[RECORDS SHOWN Boundary: Start]
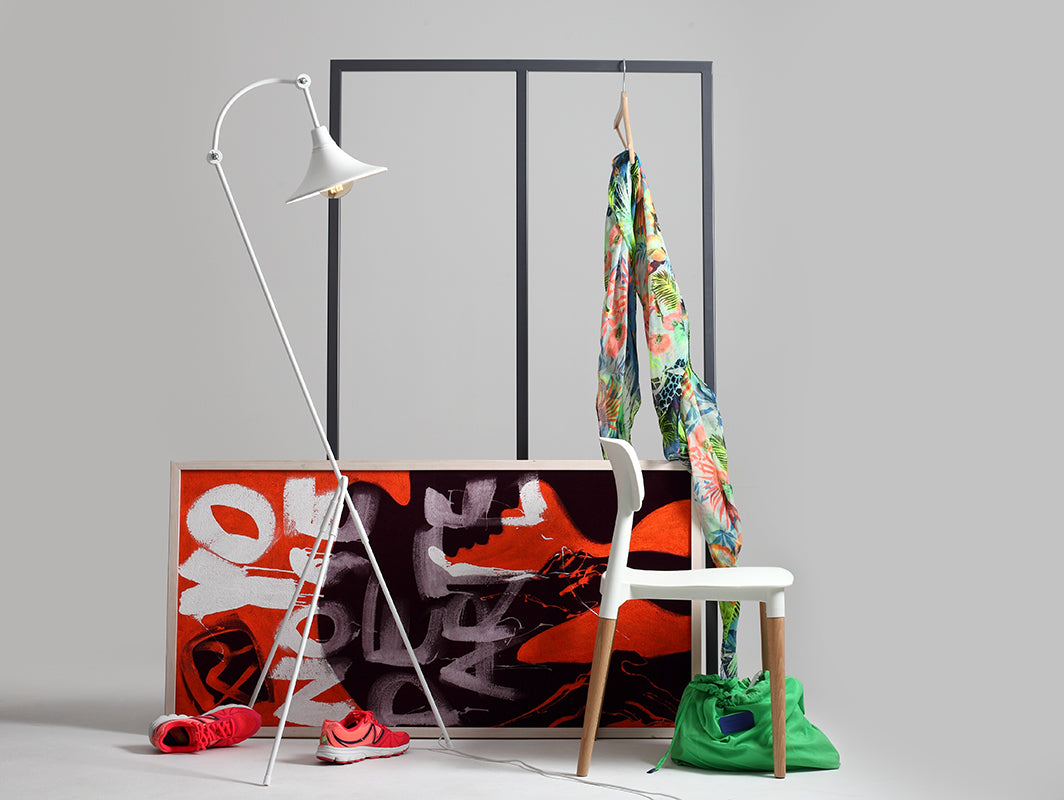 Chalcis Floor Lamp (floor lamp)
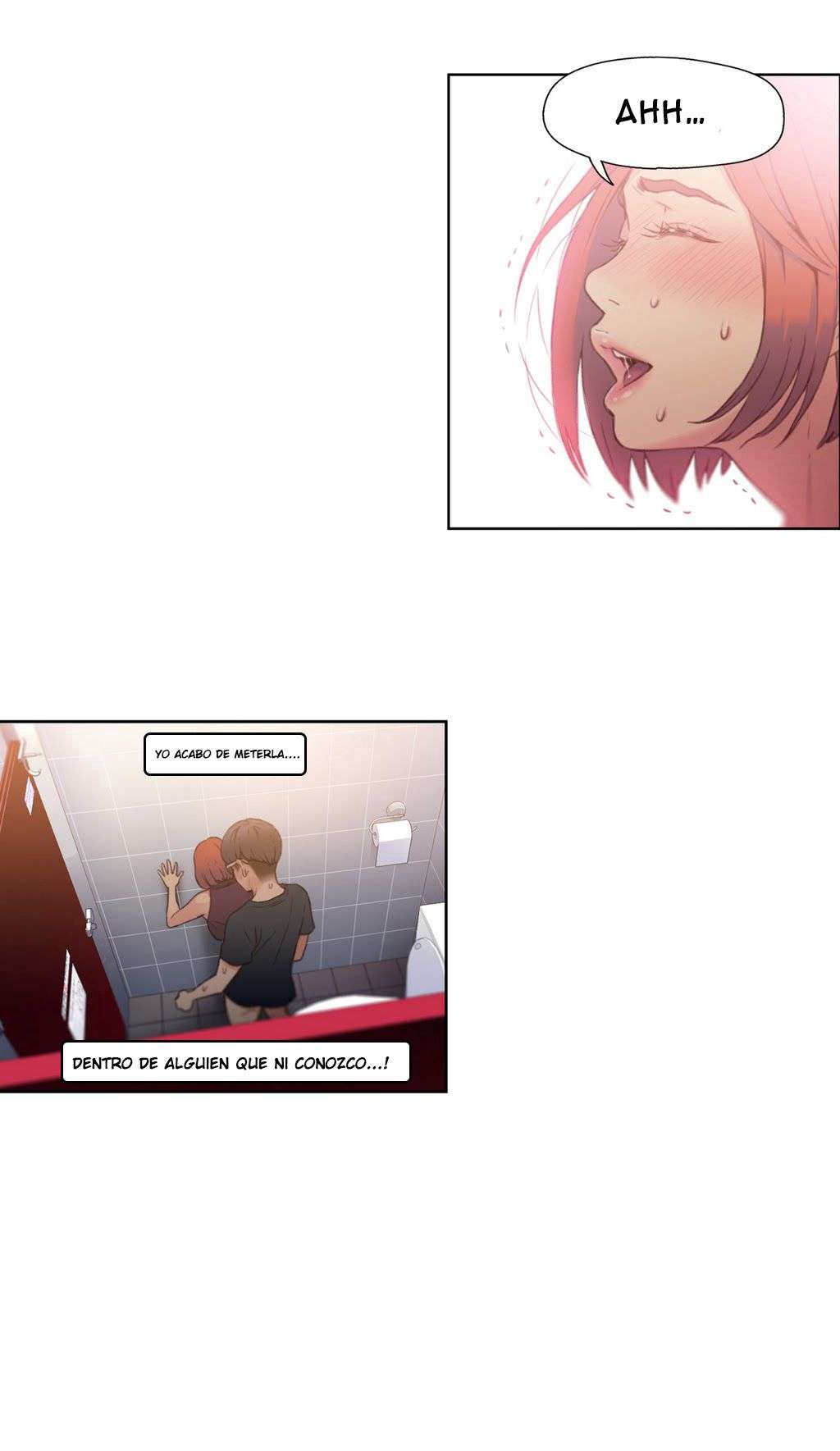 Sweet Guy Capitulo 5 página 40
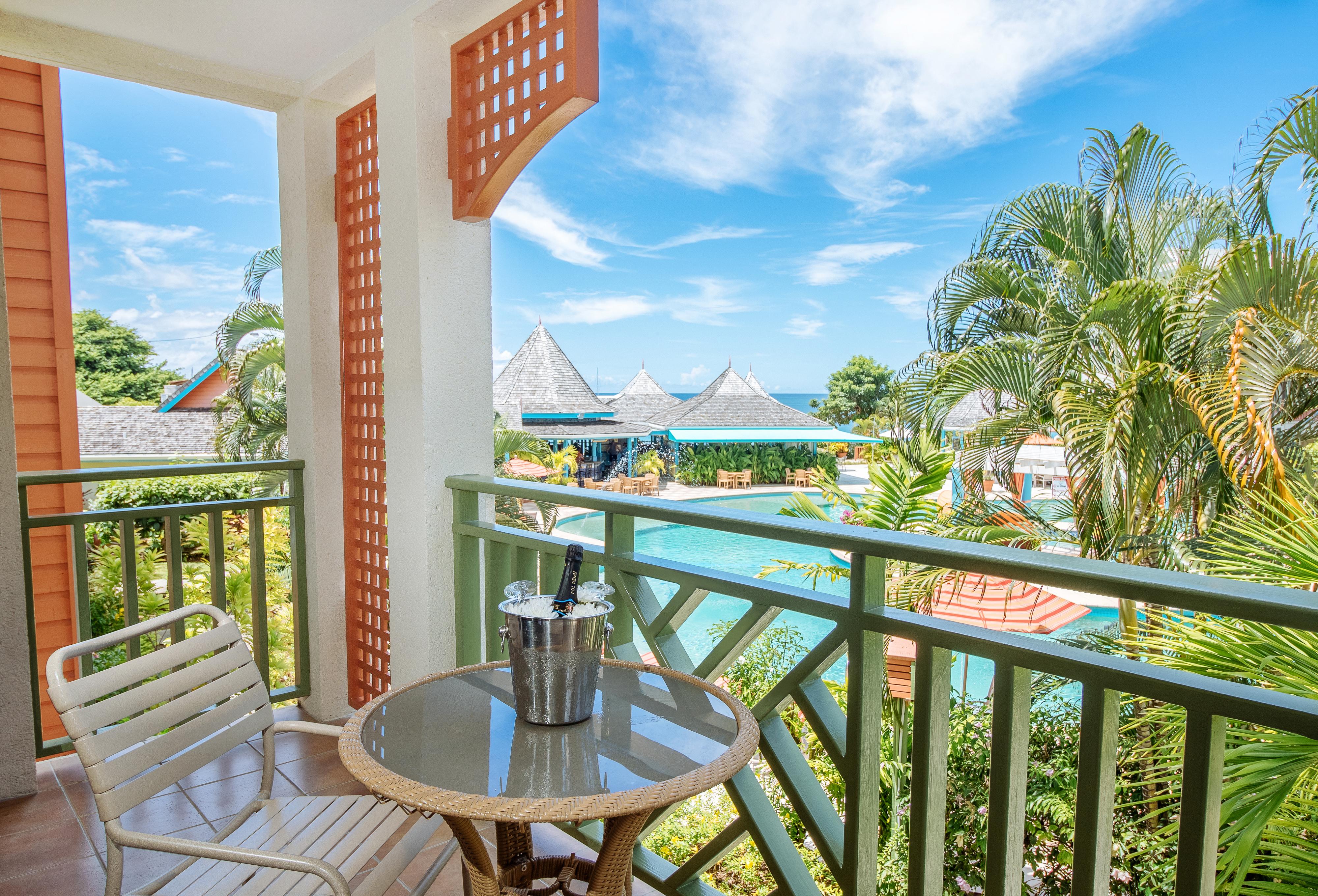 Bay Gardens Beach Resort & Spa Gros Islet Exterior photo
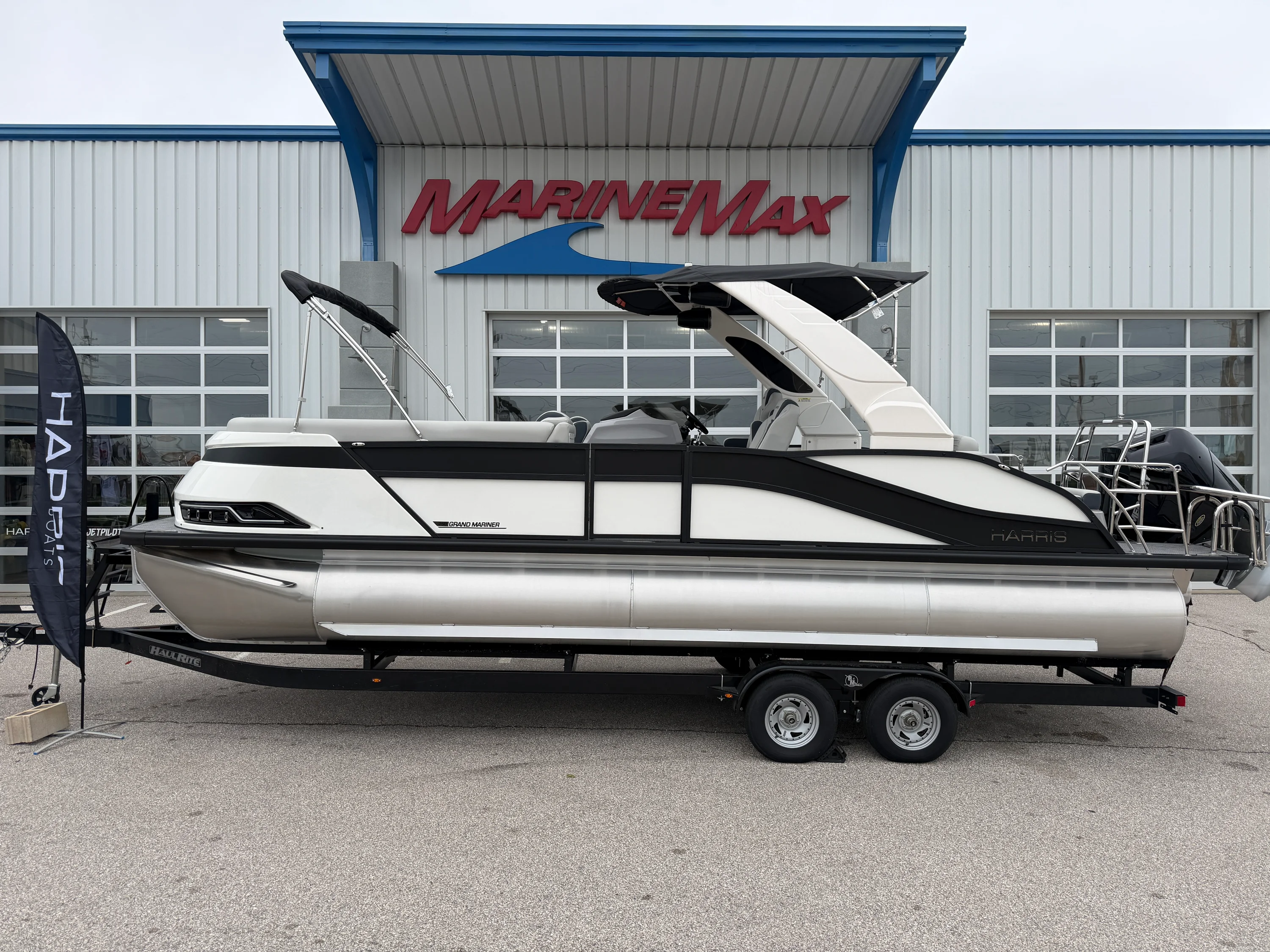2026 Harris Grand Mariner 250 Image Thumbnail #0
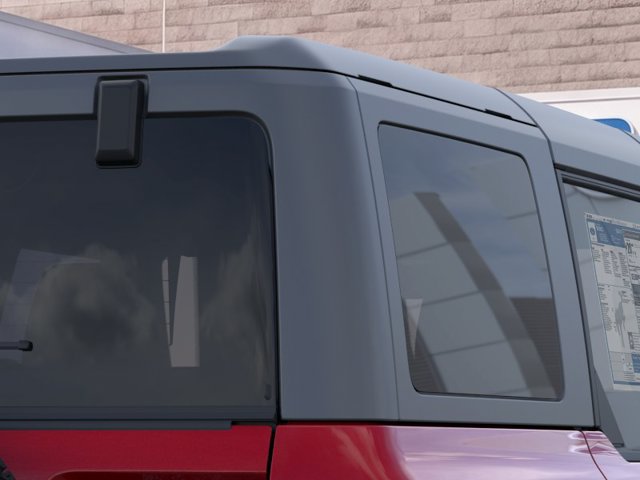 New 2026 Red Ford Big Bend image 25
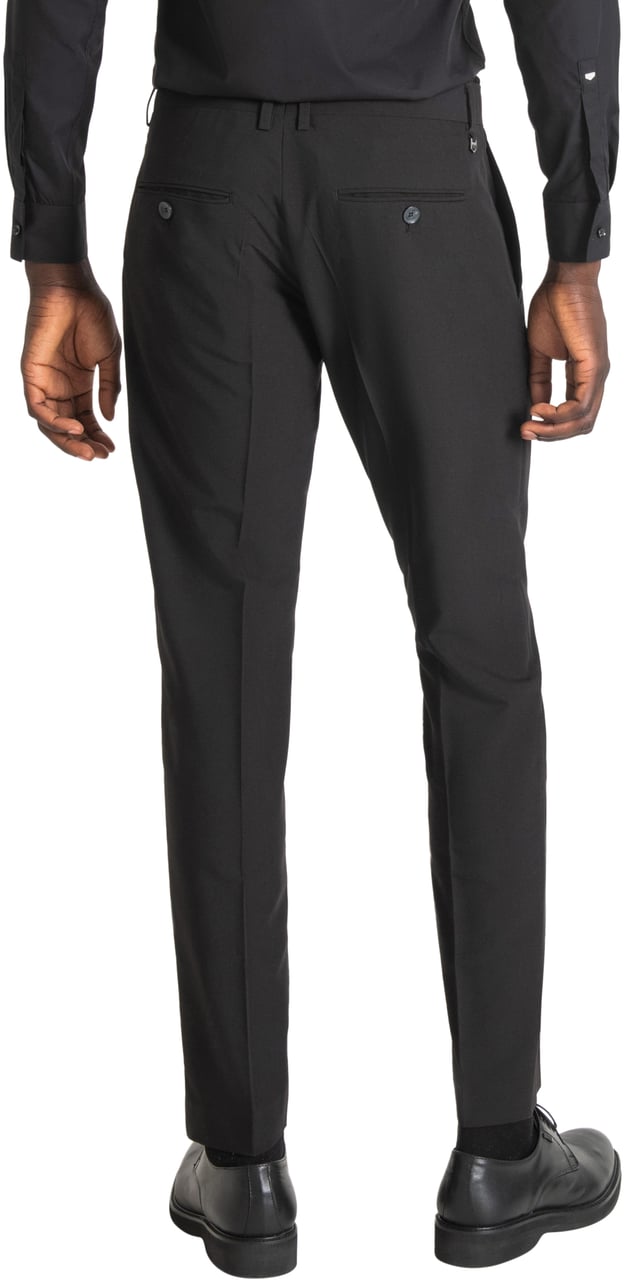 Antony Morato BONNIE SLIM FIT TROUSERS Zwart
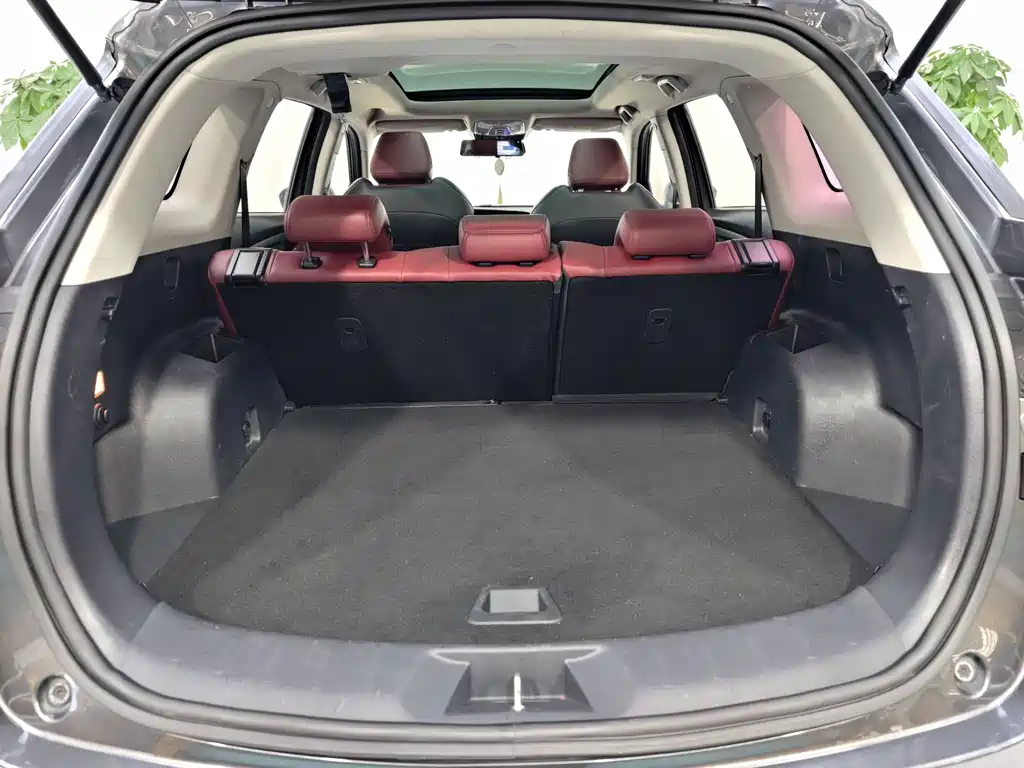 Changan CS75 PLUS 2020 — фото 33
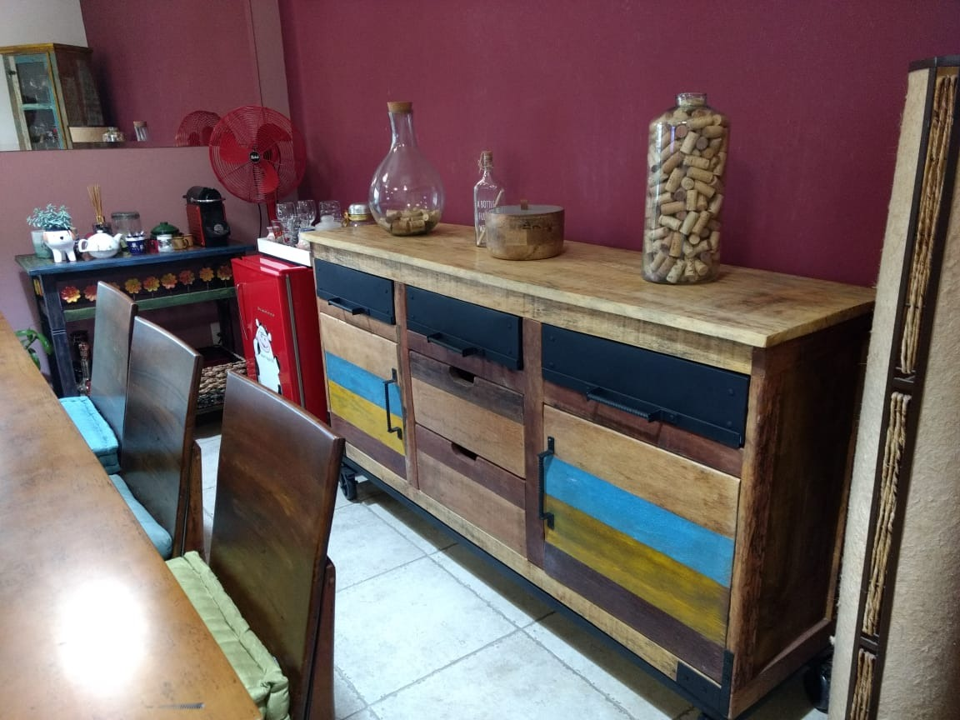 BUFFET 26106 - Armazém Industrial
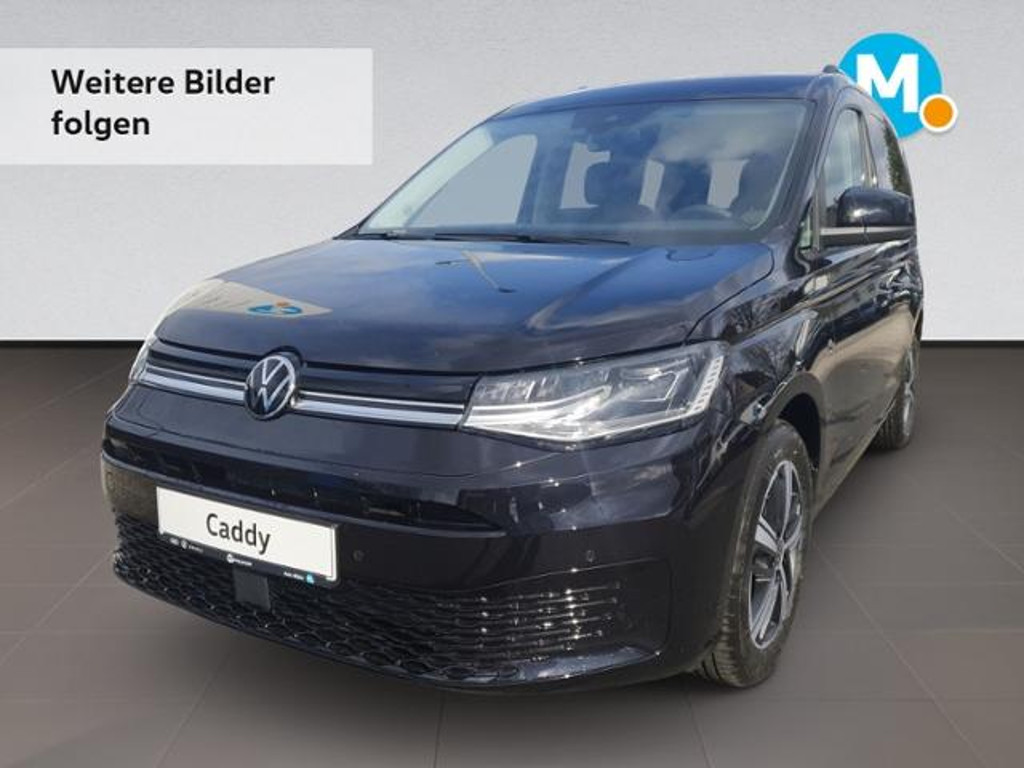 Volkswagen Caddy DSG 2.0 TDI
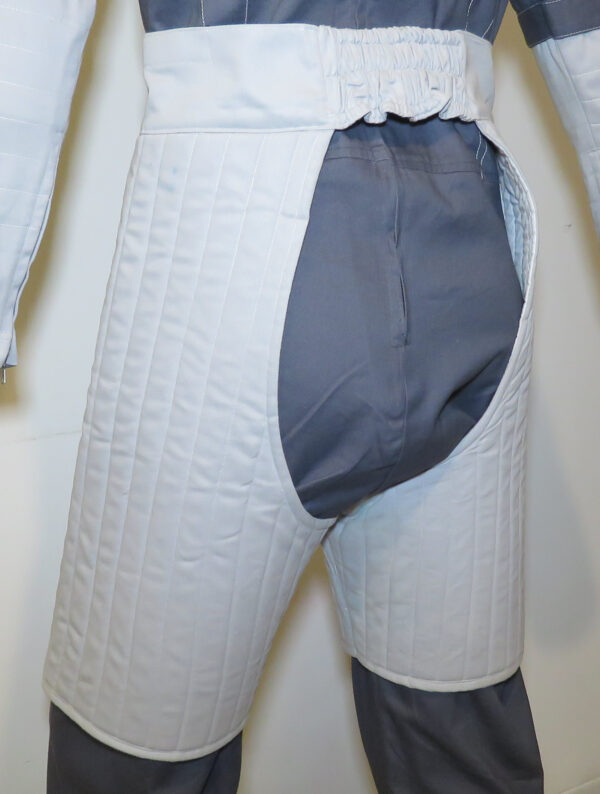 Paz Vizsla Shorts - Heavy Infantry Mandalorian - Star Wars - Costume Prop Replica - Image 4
[RECORDS SHOWN Boundary: End]
Up to and including the line that holds "Changan CS75 PLUS 2020 — фото 33", restate word for word each line of the records from their start, and only those lines, leaving out the pictures.

* RESULT FOR THIS EXERCISE:
 Chalcis Floor Lamp (floor lamp)
 Sweet Guy Capitulo 5 página 40
 Bay Gardens Beach Resort & Spa Gros Islet Exterior photo
2026 Harris Grand Mariner 250 Image Thumbnail #0
 New 2026 Red Ford Big Bend image 25
 Antony Morato BONNIE SLIM FIT TROUSERS Zwart
 Changan CS75 PLUS 2020 — фото 33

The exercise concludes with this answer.